Camminando per le strade di Parigi alla ricerca di tracce femminili, ho scoperto luoghi e figure importanti di questa capitale. Il desiderio di condividerle mi ha indotto a stilare questo piccolo reportage di viaggio che non ha, ovviamente, la pretesa di essere esaustivo.
Parigi è il luogo in cui, affermano molti studiosi e studiose, ebbe origine il femminismo con le istanze portate avanti dalle donne durante la Rivoluzione Francese. Quell’evento costituì la prima occasione per organizzarsi collettivamente e reclamare i diritti negati. Basti ricordare Olympe de Gouges e la sua Dichiarazione dei diritti della Donna e della cittadina in cui, nel preambolo che precede i 17 articoli, si legge: «Le madri, le figlie, le sorelle, rappresentanti della Nazione, chiedono di essere costituite in Assemblea Nazionale.
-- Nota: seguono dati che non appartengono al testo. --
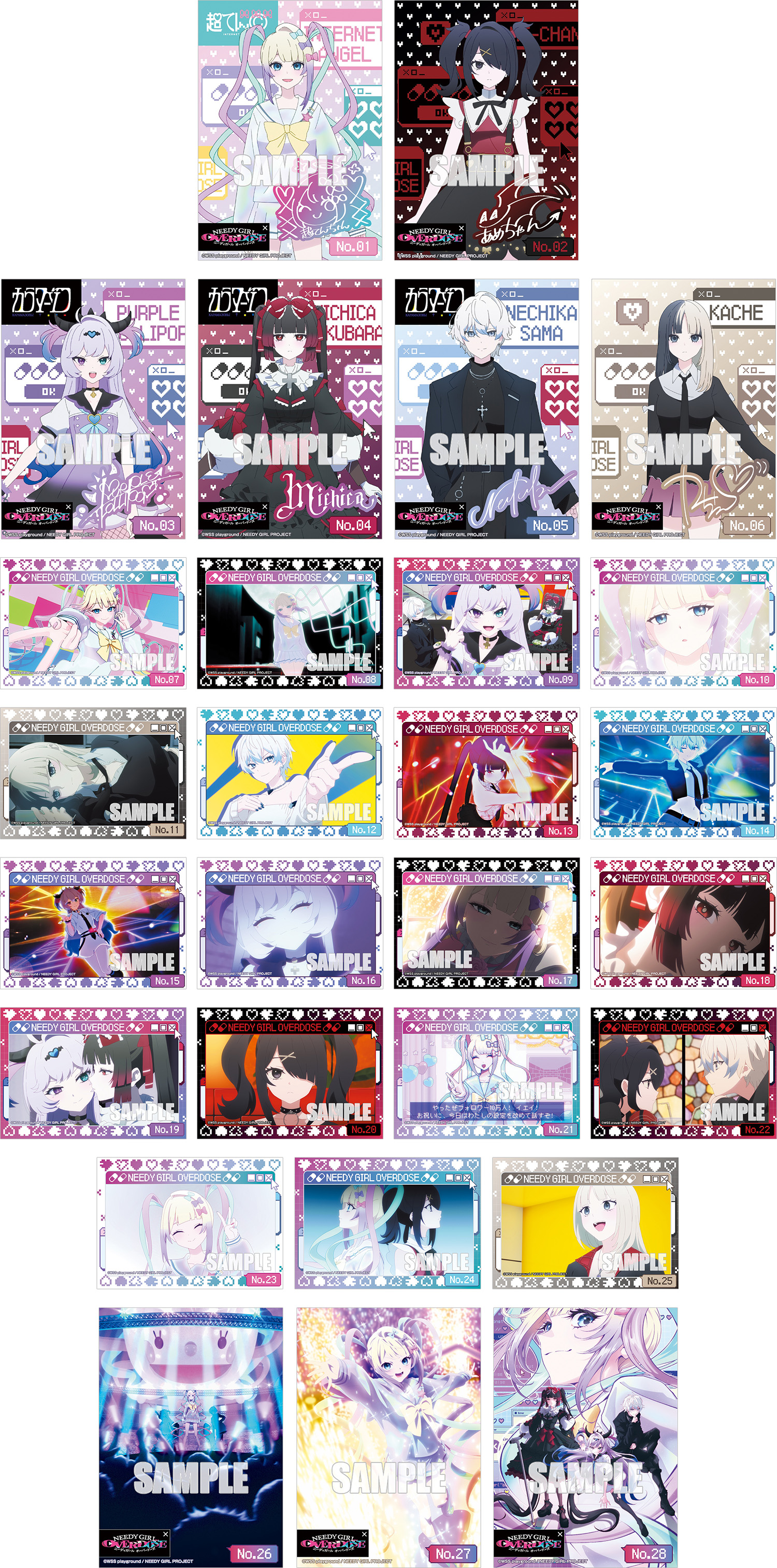 ブシロード トレーディングカード コレクションクリア アニメ「NEEDY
Considerato che l’ignoranza, l’oblio, il disprezzo dei diritti delle donne sono le uniche cause delle pubbliche sfortune e delle corruzioni dei governi, hanno deciso di esporre in una dichiarazione solenne i diritti inalienabili e sacri delle donne»

Visitando il bel Museo Carnavalet non ho comunque trovato alcuna traccia né di Olympe de Gouges né della sua Dichiarazione, se non una riproduzione di quest’ultima nel bookshop. Un po’ stizzita, sono ritornata indietro a visionare con più attenzione le sale dedicate alla Rivoluzione Francese chiedendo lumi al personale di servizio che non ha saputo fornire alcuna risposta. Alla fine, un impiegato, non so se impaurito o impietosito dalla mia espressione, mi ha indicato una sala dove è esposta la Dichiarazione dei diritti dell’Uomo e dei cittadini sottolineando che accanto c’è un pannello esplicativo che denuncia il maschilismo che aveva escluso le donne. Sono andata subito a verificare: «Il aura un impact considérable, mais reste bourgeois et masculin». Certo, una magra consolazione ma così è.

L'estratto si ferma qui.